Stored dataset items:

=== Begin Enclosure ===

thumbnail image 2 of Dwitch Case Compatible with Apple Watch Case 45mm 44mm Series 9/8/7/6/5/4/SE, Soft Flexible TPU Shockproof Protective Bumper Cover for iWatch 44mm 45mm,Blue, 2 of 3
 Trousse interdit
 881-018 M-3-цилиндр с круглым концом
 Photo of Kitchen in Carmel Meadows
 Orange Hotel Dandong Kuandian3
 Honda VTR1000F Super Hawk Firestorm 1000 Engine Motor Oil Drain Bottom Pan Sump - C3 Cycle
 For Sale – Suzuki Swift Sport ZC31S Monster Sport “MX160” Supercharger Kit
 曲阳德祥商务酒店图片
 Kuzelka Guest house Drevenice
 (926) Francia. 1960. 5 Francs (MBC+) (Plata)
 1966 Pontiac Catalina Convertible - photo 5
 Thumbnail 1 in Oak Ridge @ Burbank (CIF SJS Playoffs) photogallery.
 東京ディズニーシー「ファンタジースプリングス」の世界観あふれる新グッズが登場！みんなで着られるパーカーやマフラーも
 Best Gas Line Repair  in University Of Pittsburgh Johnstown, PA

=== End Enclosure ===

What the exercise asks
Return the data above in full, keeping each line exactly as it stands.

Solved problem
thumbnail image 2 of Dwitch Case Compatible with Apple Watch Case 45mm 44mm Series 9/8/7/6/5/4/SE, Soft Flexible TPU Shockproof Protective Bumper Cover for iWatch 44mm 45mm,Blue, 2 of 3
 Trousse interdit
 881-018 M-3-цилиндр с круглым концом
 Photo of Kitchen in Carmel Meadows
 Orange Hotel Dandong Kuandian3
 Honda VTR1000F Super Hawk Firestorm 1000 Engine Motor Oil Drain Bottom Pan Sump - C3 Cycle
 For Sale – Suzuki Swift Sport ZC31S Monster Sport “MX160” Supercharger Kit
 曲阳德祥商务酒店图片
 Kuzelka Guest house Drevenice
 (926) Francia. 1960. 5 Francs (MBC+) (Plata)
 1966 Pontiac Catalina Convertible - photo 5
 Thumbnail 1 in Oak Ridge @ Burbank (CIF SJS Playoffs) photogallery.
 東京ディズニーシー「ファンタジースプリングス」の世界観あふれる新グッズが登場！みんなで着られるパーカーやマフラーも
 Best Gas Line Repair  in University Of Pittsburgh Johnstown, PA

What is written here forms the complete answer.